Simple redirect to HAproxy backend servers
I want to configure simple redirect with HAproxy.
Desired behaviour: HAProxy receives request to example.com or https://example.com and returns https webserver start page from servers list excluding itself from a chain.
I tried with redirect location https://web1.com code 301 if example_acl
and it works for single server but I need 5 servers behind redirect, with web1.com, web2.com ... and round-robin. Maybe there is some specific config for backend section? please help
My current config is
-#------------------- GLOBAL SETTINGS ---------------------------
...
-#------------------- FRONTEND HTTP ---------------------------
frontend http_in
mode http
option httplog
bind *:80
stats enable
redirect scheme https if { hdr(Host) -i example.com }
-#------------------- FRONTEND TCP ---------------------------
frontend tcp_in
mode tcp
option tcplog
bind *:443
tcp-request inspect-delay 5s
tcp-request content accept if { req.ssl_hello_type 1 }
acl example_acl req.ssl_sni -i example.com
use_backend special_example if example_acl
-#------------------- Server Farms ---------------------------
backend special_example
mode tcp
balance roundrobin
?
Solution 1:
I agree with the commenter, this seems like an unusual application, but nevertheless, HAProxy comes through.
I've created a hosts file entry on my test proxy so that example.com actually points to 127.0.0.1 so the tests, below, are actual responses from the proxy.

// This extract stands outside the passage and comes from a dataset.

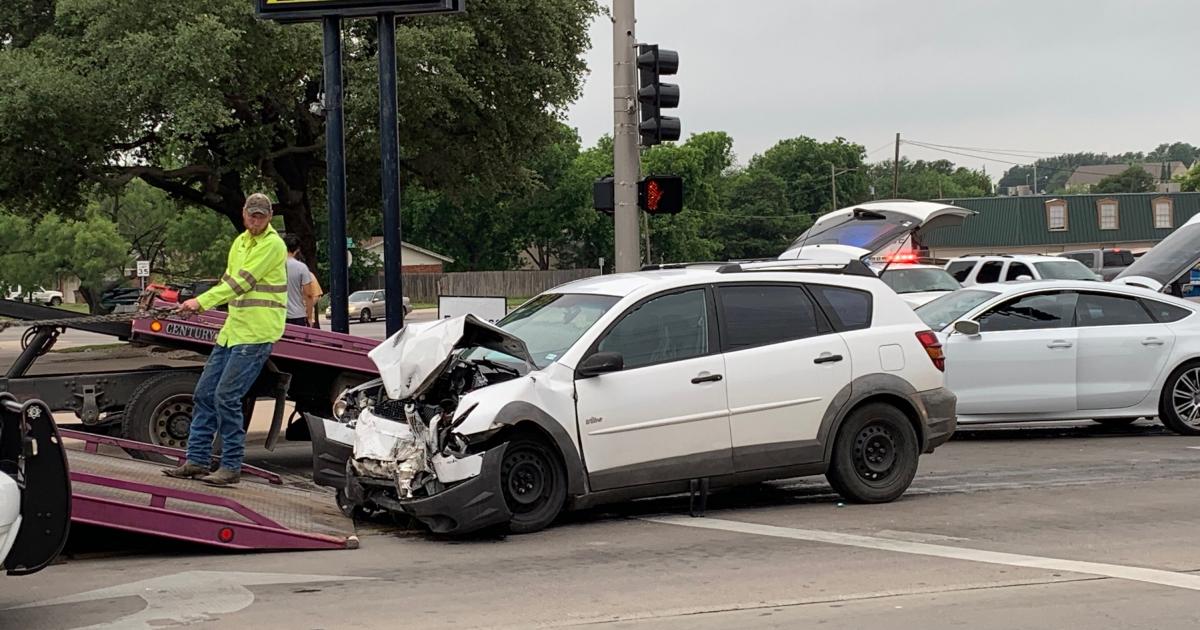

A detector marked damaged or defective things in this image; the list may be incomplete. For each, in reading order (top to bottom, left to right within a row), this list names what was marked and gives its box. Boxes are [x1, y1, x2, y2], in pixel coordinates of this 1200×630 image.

damaged car hood [367, 312, 532, 400]
white wrecked car [307, 262, 955, 532]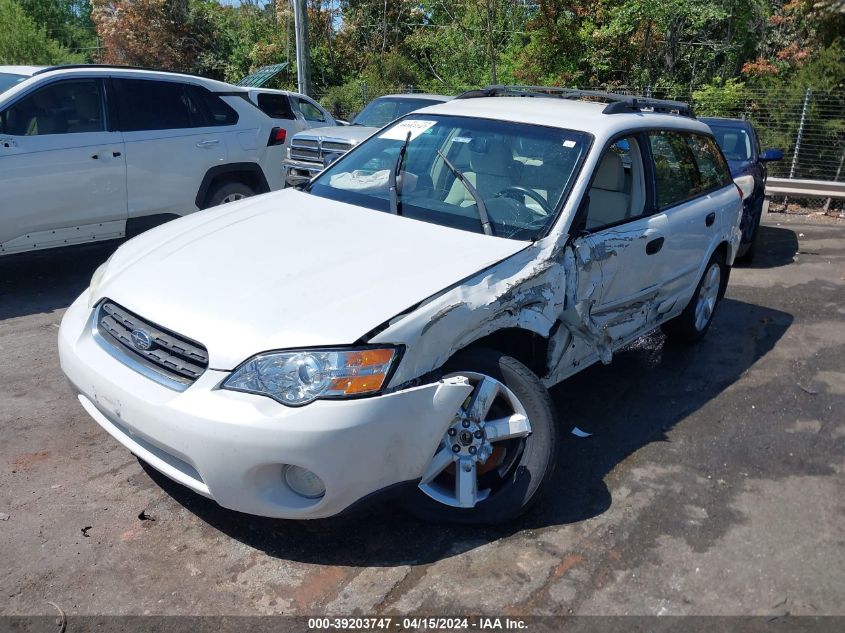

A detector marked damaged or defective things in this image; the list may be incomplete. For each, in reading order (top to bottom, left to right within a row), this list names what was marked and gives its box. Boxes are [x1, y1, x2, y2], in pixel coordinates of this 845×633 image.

cracked headlight [221, 346, 398, 404]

Let's say I want example.com
to redirect to one of four servers, external-1.example.com
through external-4.example.com
.
This is a one-liner -- everything on one line, shown here as multiple lines for clarity.
This goes in the frontend
section.
http-request redirect code 301
location http://external-%[rand(4),add(1)].%[req.hdr(host)]%[url]
if { req.hdr(host) -m str example.com }
{ req.hdr(host) -m str example.com }
is an anonmyous ACL that enables the redirect if
it matches the current request. The location
is using the rand(n)
sample fetch, which generates a random number between 0 and n-1; it's followed by (passes its value to) the add(x)

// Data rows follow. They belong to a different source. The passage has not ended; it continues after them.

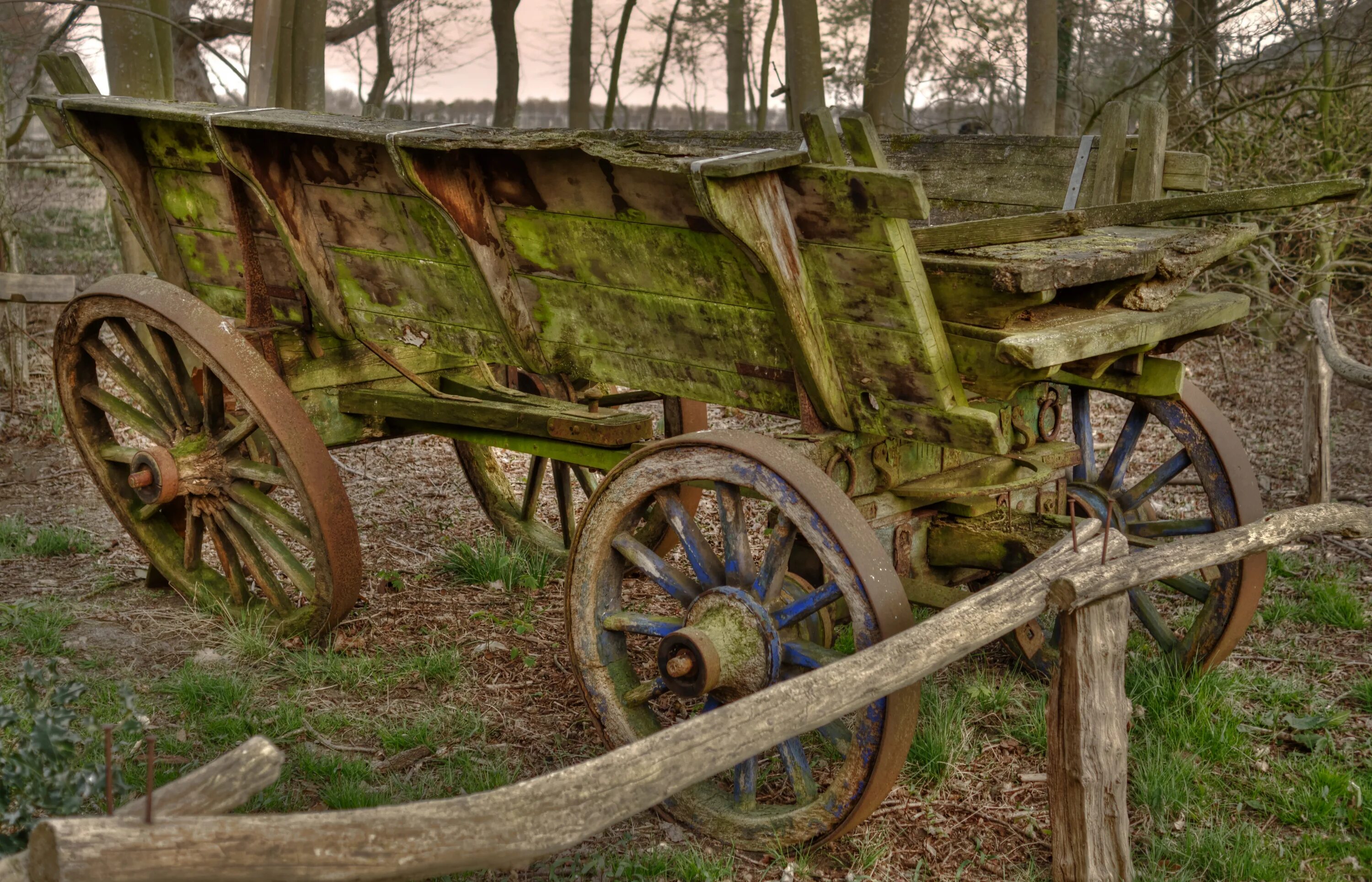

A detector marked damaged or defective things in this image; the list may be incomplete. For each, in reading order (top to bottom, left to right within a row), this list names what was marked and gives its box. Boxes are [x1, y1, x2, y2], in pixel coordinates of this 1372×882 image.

rusty metal fitting [128, 444, 178, 505]
rusted iron wheel rim [56, 274, 362, 633]
rusted iron wheel rim [457, 375, 710, 560]
corroded bolt [670, 651, 699, 677]
rusted iron wheel rim [571, 430, 926, 852]
rusted iron wheel rim [1010, 382, 1266, 673]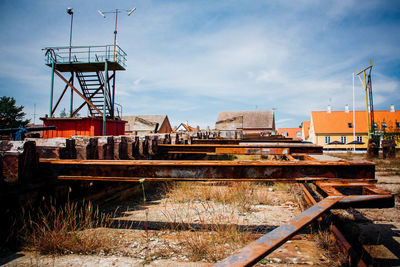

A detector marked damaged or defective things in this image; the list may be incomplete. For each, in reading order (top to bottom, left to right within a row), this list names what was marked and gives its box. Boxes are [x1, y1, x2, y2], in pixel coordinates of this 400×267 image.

rusty metal structure [0, 135, 394, 266]
rusty steel beam [38, 160, 376, 181]
rusty steel beam [214, 197, 342, 267]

converter, which adds x to the value -- in this case, we take possible values from 0 through (4 - 1) inclusive and add 1, so that the %[rand(4),add(1)]
expression evaluates to a number between 1 and 4 inclusive, which is implicitly cast to a string. We concatentate http://external-
with this integer, a dot, the incoming host header %[req.hdr(host)]
and the url %[url]
, which includes the path and query string.
Test 1:
$ curl -v http://example.com
* Rebuilt URL to: http://example.com/
* Hostname was NOT found in DNS cache
* Trying 127.0.0.1...
* Connected to example.com (127.0.0.1) port 80 (#0)
> GET / HTTP/1.1
> User-Agent: curl/7.35.0
> Host: example.com
> Accept: */*
>
< HTTP/1.1 301 Moved Permanently
< Content-length: 0
< Location: http://external-4.example.com/
< Connection: close
Test 2:
< HTTP/1.1 301 Moved Permanently
< Content-length: 0
< Location: http://external-2.example.com/
< Connection: close
Yep, that's working.
If you needed to redirect to a set of hostnames that weren't sequentially numbered, the solution would be similar, but you'd use http-request set-var
to store the random number in a transaction variable, then a series of redirect statements, one for each host, each of which with its own anonymous ACL that would evaluate the random value for equality to the integer matching that host, and redirect if the variable contained that value.
The rand()
fetch is not a random number generator of cryptographic quality, but certainly seems sufficient for this use case.